▶ [Work to complete]: What is needed is an exact transcription of the listing, with the images removed.
---------------
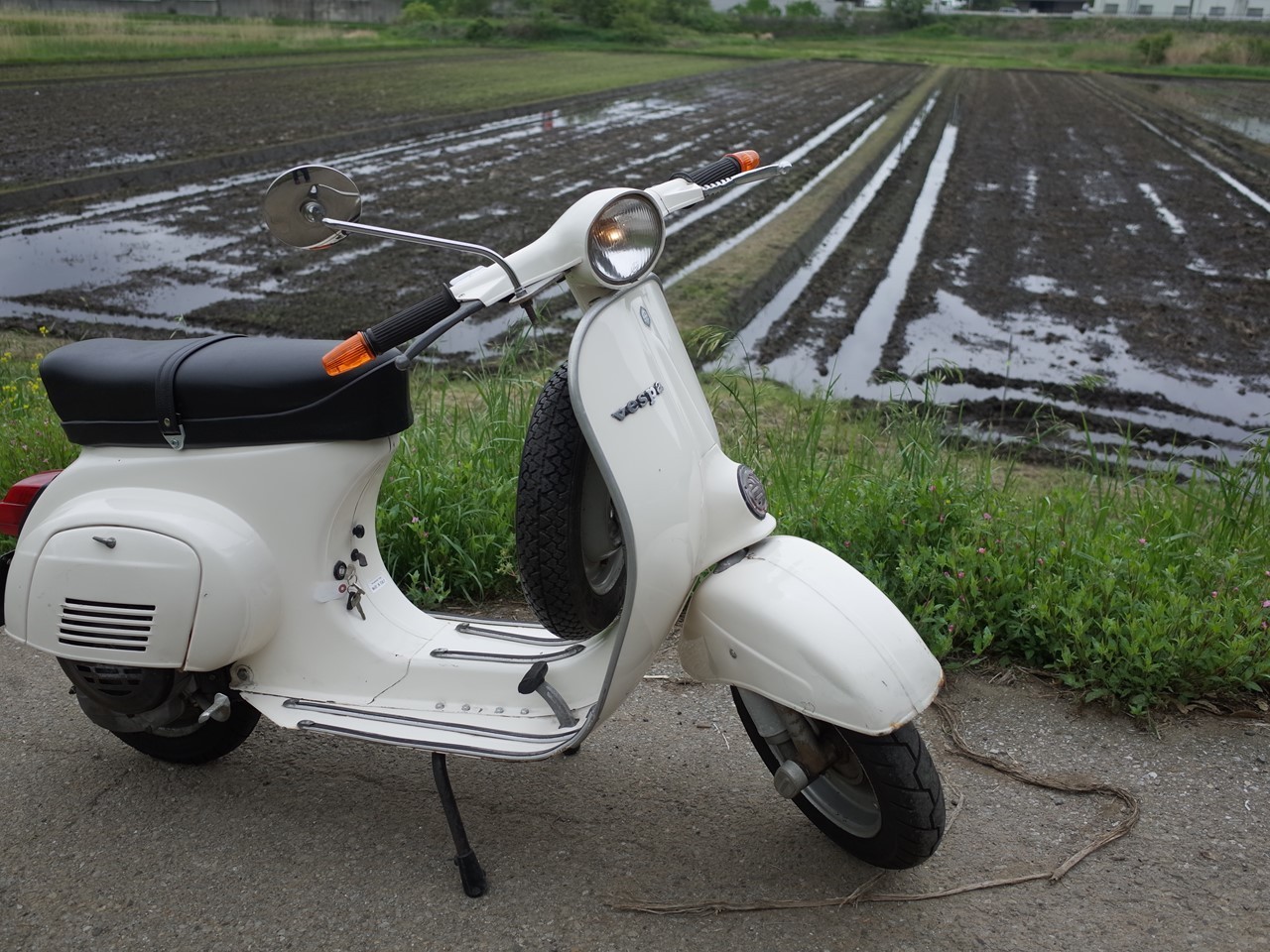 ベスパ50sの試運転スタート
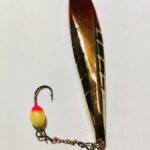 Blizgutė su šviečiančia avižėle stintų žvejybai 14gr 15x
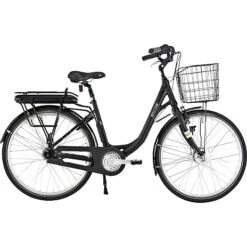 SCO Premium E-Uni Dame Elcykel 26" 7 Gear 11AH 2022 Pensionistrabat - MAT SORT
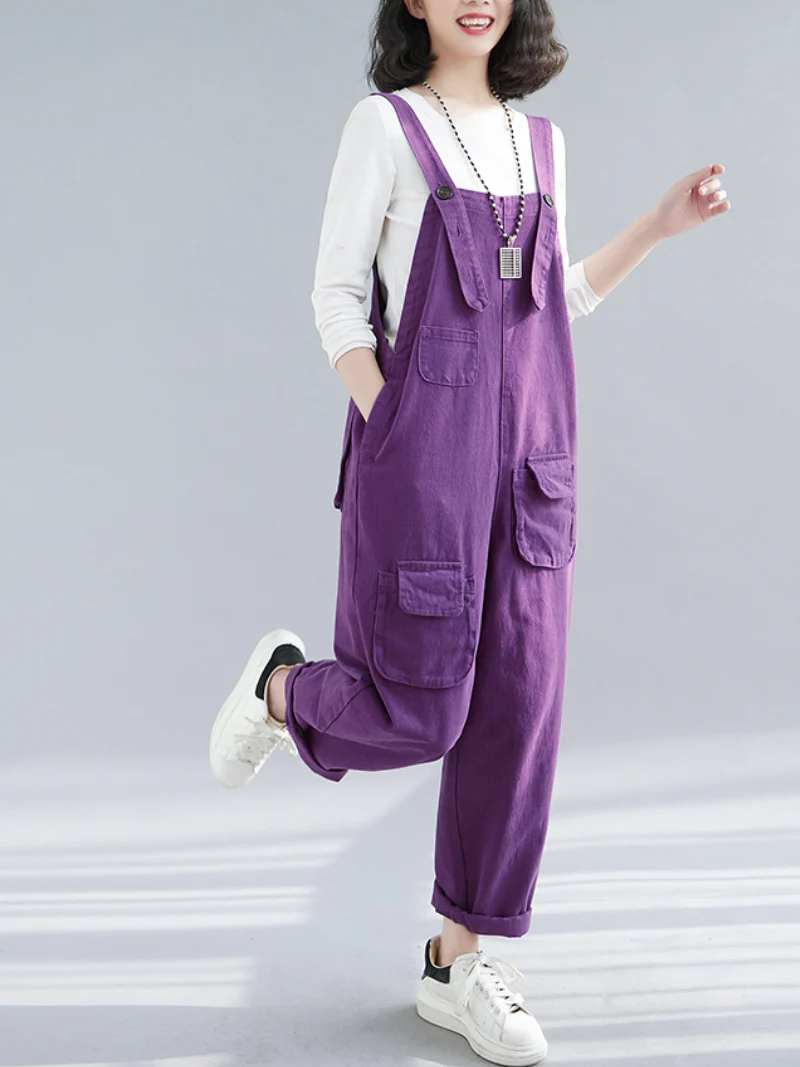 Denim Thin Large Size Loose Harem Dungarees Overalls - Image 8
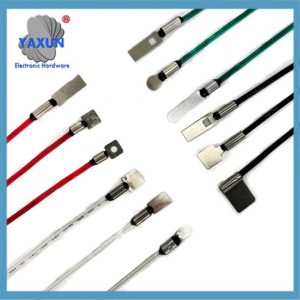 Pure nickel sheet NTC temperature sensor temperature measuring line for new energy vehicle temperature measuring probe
---------------
▶ [Solution to the exercise]:
 ベスパ50sの試運転スタート
 Blizgutė su šviečiančia avižėle stintų žvejybai 14gr 15x
 SCO Premium E-Uni Dame Elcykel 26" 7 Gear 11AH 2022 Pensionistrabat - MAT SORT
 Denim Thin Large Size Loose Harem Dungarees Overalls - Image 8
 Pure nickel sheet NTC temperature sensor temperature measuring line for new energy vehicle temperature measuring probe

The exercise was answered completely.